The problem is that it was not really a GitHub issue, it's Rails having a grossly insecure default setting. According to one of the comments in the bug tracker a lot of other high-profile sites also have the same problem. And presumably new ones would keep popping up for as long as Rails is the new hotness.
So disclosing the problem to GitHub would not solve anything. They'd deploy the fix, but a lot of other sites remain vulnerable. That's probably the case even if GitHub were willing to take a PR hit and admit they'd been insecure for a long time in order to spur other Rails users to fix their code. After all, they hadn't fixed their code after the previous widely published security problems caused by the same underlying issue.

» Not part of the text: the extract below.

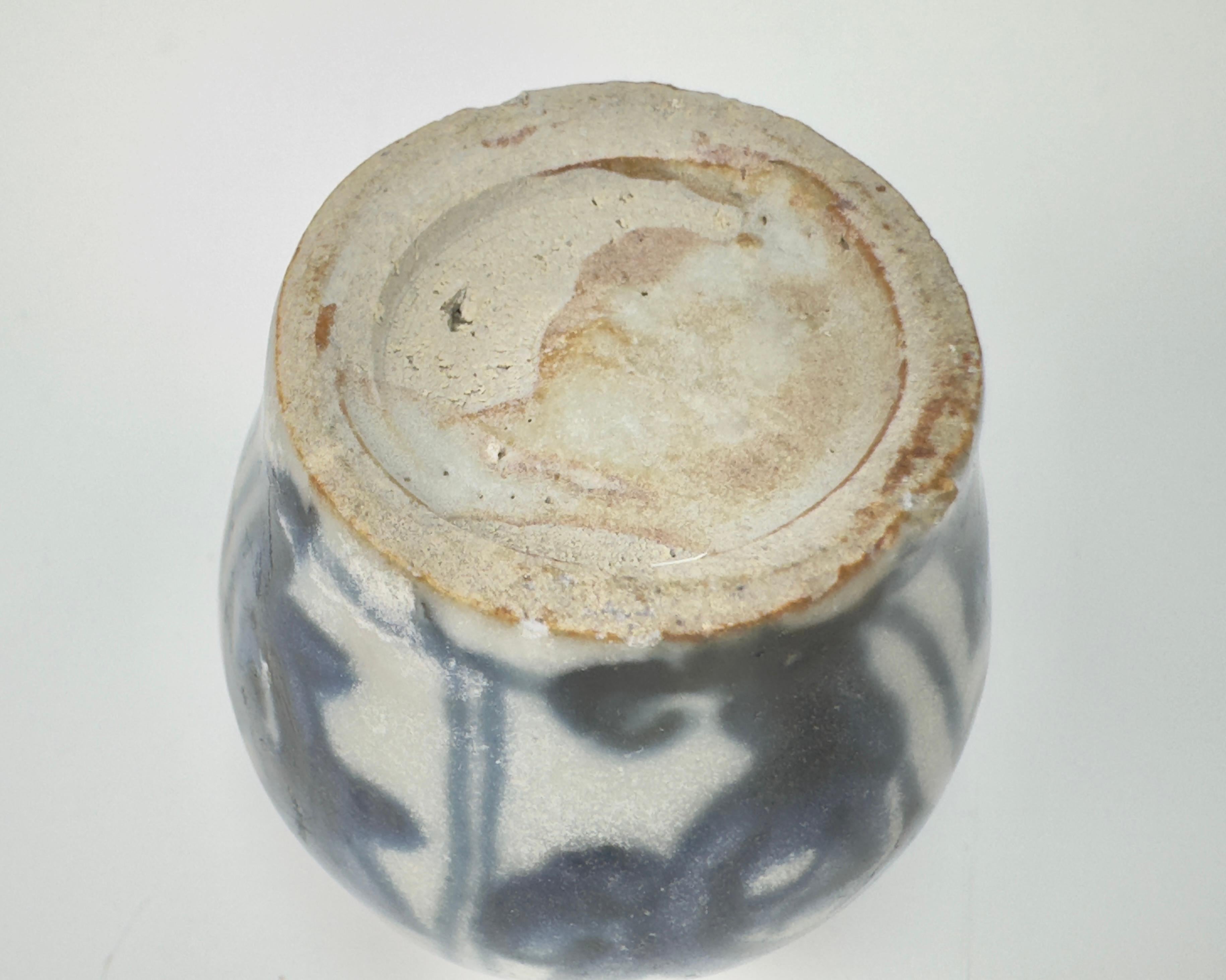 Ein Paar kleine Gefäße mit arabischem Design, späte Ming-Ära(16-17. Jahrhundert) (Keramik) im Angebot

Clearly the Rails core team were not willing to consider any kind of changes to improve the situation. As such, you can argue that making as big a scene as possible is the best way to improve security globally. It's of course unfortunate for GitHub that he chose to use that site as the example due to the obvious reasons. And certainly the timing is about as unfriendly as possible from the point of view of a west coast person.
* it provides a how to for other individuals to repeat the attack, in a public forum.
* it was made against an innocent third-party.
* I doubt steps were taken to contact the third-party.
* it was made on a Sunday morning. making it difficult to scramble and get a fix out the door.
"Clearly the Rails core team were not willing to consider any kind of changes to improve the situation"
The ticket was opened three days ago. Are you advocating that if an issue isn't resolved in an open-source project, in under a week, the individual raising the issue should be able to publicly attack anyone using the project?
Also, I'll put this gem of a quote out there:
"not only github is vulnerable this way - I found a lots of rails apps that are waiting for my hack! Yeah, it is only start" (mwahahahaha).